The happy, smiling woman on the left is my grandma, and the bald man on the right my grandpa. She was born in 1899, and he in 1901. “She baby snatched him”, he said. Previously, she had been engaged to another he died in the war. My grandpa was just too young to serve. They would have been around 35 and 37 in the picture, but look older. Grandma went white very young, and like many of his family, Grandpa lost his hair early. 

The dark-haired woman at the back is my Grandma’s sister, Aunty Gina (named after Georgina Pocklington), with her husband in front wearing shorts. I liked them enormously, and have written about collecting loose road chippings on my tricycle for him to make a new front door step, and when older going after school to watch television. They would help anyone. He made new pelmets for us, and kept an eye on the house when we were away. They were a happy and contented couple. 

There are two children from each couple. The curly-haired girl next to my grandpa is my aunt, aged about 4. She is called Aunty Bina elsewhere in this blog (Aunty Bina’s Farm). In front of her is Uncle Owen, her older brother. The others, front right, are their cousins: the girl is Aunty Olga who in an earlier post described their village as a lovely place to grow up; I know much less about the boy, except he had 5 children and moved away. Not present is my mother, possibly looking after the family shop, nor her youngest brother who had yet to be born. 

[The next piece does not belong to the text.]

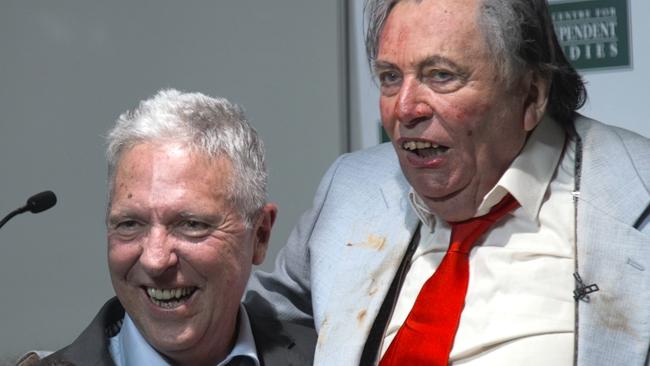 Cartoonist Bill Leak and Sir Les Patterson at the launch of Leak's book Trigger Warning in Sydney. (Pic: The Australian)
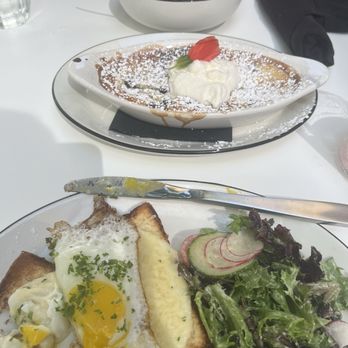 Bureau de Poste / French Bistro - Croque madame -I already started eating it, clafoutis, and parfait. - French Near Me - Austin, Texas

Georgina Pocklington left us a legacy of cancer. I know it was her because she had children by three different fathers, and it appears in all three lines of descent. It could have come further back through the Pocklington family, but I suspect it was from Georgina’s unknown father. It would cost hundreds of pounds to obtain the death certificates to be more sure, but even that might be inconclusive because we would need to go back before registration in 1837. 

The women tend to get breast cancer around the age of 60, like my mother and her mother’s mother, or the men or the women tend to get bowel cancer slightly older, like my grandma’s cousin and son. Those who escape are prone to environmental cancers, like me in cigarette-smoky offices, houses, buses, cinemas, and pubs, and polluted 1970s Leeds; and one of Olga’s daughters who ran pubs for many years. Some have the misfortune to be affected much earlier, like my brother who got bowel cancer in his thirties, and one of Olga’s granddaughters who developed breast cancer at the shocking age of 30. 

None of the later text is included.